Information supplied.
[Start of Attachment]
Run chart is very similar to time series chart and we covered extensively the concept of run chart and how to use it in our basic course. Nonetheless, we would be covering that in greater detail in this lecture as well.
[End of Attachment]
[Start of Attachment]
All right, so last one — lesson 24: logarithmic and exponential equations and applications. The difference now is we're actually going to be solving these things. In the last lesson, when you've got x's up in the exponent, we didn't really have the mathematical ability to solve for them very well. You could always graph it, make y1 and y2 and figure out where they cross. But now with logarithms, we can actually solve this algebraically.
[End of Attachment]
[Start of Attachment]
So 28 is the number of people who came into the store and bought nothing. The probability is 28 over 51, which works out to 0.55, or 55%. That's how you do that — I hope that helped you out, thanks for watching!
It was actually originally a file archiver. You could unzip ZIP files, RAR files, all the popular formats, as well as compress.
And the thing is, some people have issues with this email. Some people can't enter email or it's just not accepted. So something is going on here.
[End of Attachment]
Description of the task. Read through the entries, then copy every line where the string "people" is found.

Reply to the exercise.
So 28 is the number of people who came into the store and bought nothing. The probability is 28 over 51, which works out to 0.55, or 55%. That's how you do that — I hope that helped you out, thanks for watching!
And the thing is, some people have issues with this email. Some people can't enter email or it's just not accepted. So something is going on here.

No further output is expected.